▸ **Listed entries**:
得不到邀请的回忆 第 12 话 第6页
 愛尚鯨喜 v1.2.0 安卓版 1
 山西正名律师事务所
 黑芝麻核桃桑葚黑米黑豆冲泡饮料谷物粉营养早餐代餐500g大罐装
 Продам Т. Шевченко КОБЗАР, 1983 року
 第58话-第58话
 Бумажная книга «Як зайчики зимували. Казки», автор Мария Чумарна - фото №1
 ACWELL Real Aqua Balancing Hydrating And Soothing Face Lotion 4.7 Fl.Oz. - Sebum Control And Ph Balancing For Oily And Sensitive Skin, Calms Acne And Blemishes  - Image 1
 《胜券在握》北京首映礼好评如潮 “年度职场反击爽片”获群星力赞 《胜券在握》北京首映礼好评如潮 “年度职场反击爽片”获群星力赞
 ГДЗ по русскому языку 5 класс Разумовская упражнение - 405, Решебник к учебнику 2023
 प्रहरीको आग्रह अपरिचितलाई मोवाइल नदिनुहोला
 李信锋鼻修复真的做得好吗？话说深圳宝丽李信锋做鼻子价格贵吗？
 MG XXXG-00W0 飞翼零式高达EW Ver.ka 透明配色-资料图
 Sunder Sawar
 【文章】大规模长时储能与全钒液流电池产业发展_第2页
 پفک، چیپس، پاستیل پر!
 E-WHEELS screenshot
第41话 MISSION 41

▸ **Task objective**: Restate word for word the lines of the data above, starting at the line containing "Чумарна - фото №1" and ending at the line containing "ГДЗ по русскому", both included, and nothing more.

▸ **Written reply**:
 Бумажная книга «Як зайчики зимували. Казки», автор Мария Чумарна - фото №1
 ACWELL Real Aqua Balancing Hydrating And Soothing Face Lotion 4.7 Fl.Oz. - Sebum Control And Ph Balancing For Oily And Sensitive Skin, Calms Acne And Blemishes  - Image 1
 《胜券在握》北京首映礼好评如潮 “年度职场反击爽片”获群星力赞 《胜券在握》北京首映礼好评如潮 “年度职场反击爽片”获群星力赞
 ГДЗ по русскому языку 5 класс Разумовская упражнение - 405, Решебник к учебнику 2023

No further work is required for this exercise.